Subject: Re: `Large Inodes'
To: Charles M. Hannum <firstname.lastname@example.org>
From: Bill Studenmund <email@example.com>
Date: 03/26/1999 10:05:51
On Fri, 26 Mar 1999, Charles M. Hannum wrote:
> The problem I have with the proposal is not quite what other people
> have indicated -- that they want to change the time stamp format, or
> add ACLs, or whatever.
> The problem I have with it is that it's a `Berkeley abstraction'. You
> obviously have a specific problem that you want to solve, and rather
> than stating that problem, you've attempted to come up with some
> `general' abstraction to encompass it -- one which, in all likelihood,
> isn't anywhere near general enough to handle the next task.
Quite possibly true. :-)
> Furthermore, if I understand the problem you're actually trying to
> solve, I think the `large inode' solution is an exceptionally poor way
> to solve it. If you're stacking something on top of FFS, there's no
> reason the stacked layer can't keep its data elsewhere. This is,
> actually, the whole *point* of stacked VFS layers. This data simply
> doesn't belong in FFS at all.
And where else are we supposed to store this info?
I only see 4 answers to "where do we put overlay inode info." They are:
1) In reserved space in the inode - that's what we're proposing.
2) In a seperate stream off of the file, a la MacOS resource forks or
NTFS's ability to store restoures forks. My concern with our application
using this is the cleanest way I've thought of to impliment it in ufs is
to make one file's inode refer to another inode, which would hold that
fork's data. On the current systems we have, we already have to crank up
the number of inodes in the fs just to hold what we have. We have fs's
with about 10 million inodes on them. If we have to have two inodes per
file, it's even worse.
(we chould build the other fork reading into ffs, but then I don't think
it'd still be ffs :-)
3) In the front of the file, say as a 256 byte header. This solution has
two problems. First, for the migration problem, we want to totally zap
files off of disk.
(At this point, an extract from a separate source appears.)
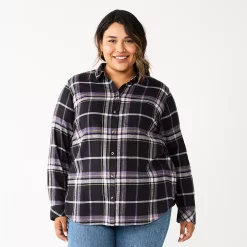 Plus Size Sonoma Goods For Life® Everyday Flannel Shirt -Sonoma Goods For Life Shop 5664645 Black Purple Plaid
If we store our header in the file, we'll have to keep
at least one frag around. That seems wasteful. Second, we have to keep
accesses from reading/writing that area (not hard, but an extra step).
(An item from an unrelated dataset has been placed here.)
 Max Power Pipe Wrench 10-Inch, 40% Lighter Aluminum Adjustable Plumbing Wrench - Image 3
Third, restoring would be tricky. dump reads the disk info, so would see
our data. But restore writes, so it couldn't store it.
4) In another file system. This idea, while possibly quite sensable for
other forms of overlay VFS, gives me great pause here. First off, it is
even more overhead space, and also it means TWO things have to bet backed
up at once. That's an added hassle for the machine room, and strikes me as
an added point of failure.
Can you think of anywhere else we can store the data?